Credit facilityOn June 23, 2006, we entered into a second amended and restated credit agreement consisting of a revolving credit facility of $325.0 million, of which up to a maximum of $125.0 million may be used for letters of credit, and matures on June 23, 2011. As of September 30, 2006, we had letters of credit totaling $59.9 million outstanding leaving $265.1 million available for future borrowing capacity. Interest on the borrowings under the credit facility is payable, at our option, at either the base rate plus an applicable margin based on our leverage ratio of 0.75% to 1.25% or LIBOR plus an applicable margin based on our leverage ratio of 1.75% to 2.25%. We must pay an unused commitment fee based on its leverage ratio of 0.375% or 0.50%. We must also pay a letter of credit participation fee with respect to outstanding letters of credit in an amount equal to the interest rate margin applicable to LIBOR borrowings under the revolving credit facility and letter of credit fronting fee of 0.20% per annum.
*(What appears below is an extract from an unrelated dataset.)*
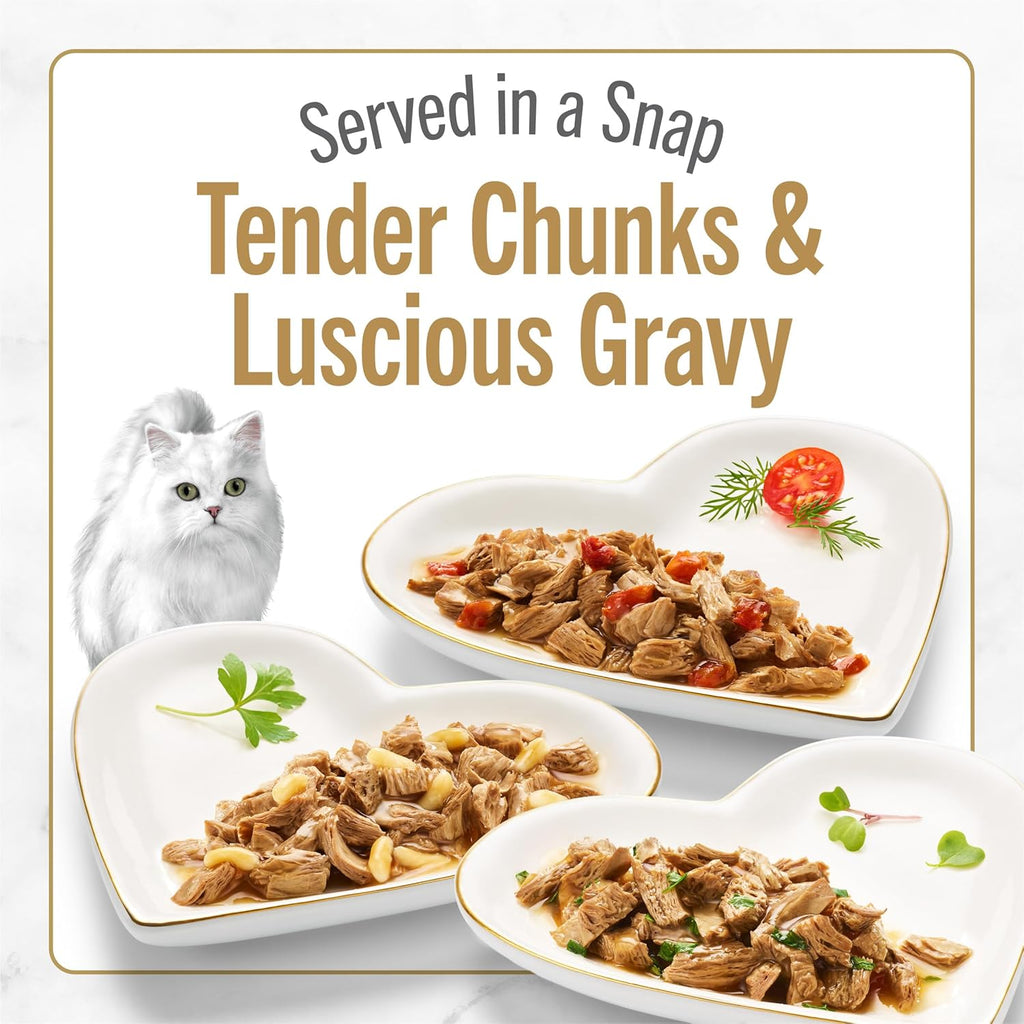 Purina Fancy Feast Gourmet Wet Cat Food Variety Pack, Petites Gravy Collection, break-apart tubs, 48 servings - (Pack of 24) 2.8 oz. Tubs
The credit facility contains customary affirmative and negative covenants, including, but not limited to, limitations on the incurrence of indebtedness, asset dispositions, acquisitions, investments, dividends and other restricted payments, liens and transactions with affiliates. The credit facility also requires us to meet certain financial tests, including a maximum leverage ratio, a minimum interest coverage ratio and a limit on capital expenditures. As of September 30, 2006, we are in compliance with the covenants under the credit facility. The credit facility contains customary events of default, including, but not limited to, failure to pay principal or interest, breach of covenants or representations and warranties, cross-default to other indebtedness, judgment default and insolvency. If an event of default occurs under the credit facility, the lenders under the agreement will be entitled to take various actions, including demanding payment for all amounts outstanding thereunder and foreclosing on any collateral.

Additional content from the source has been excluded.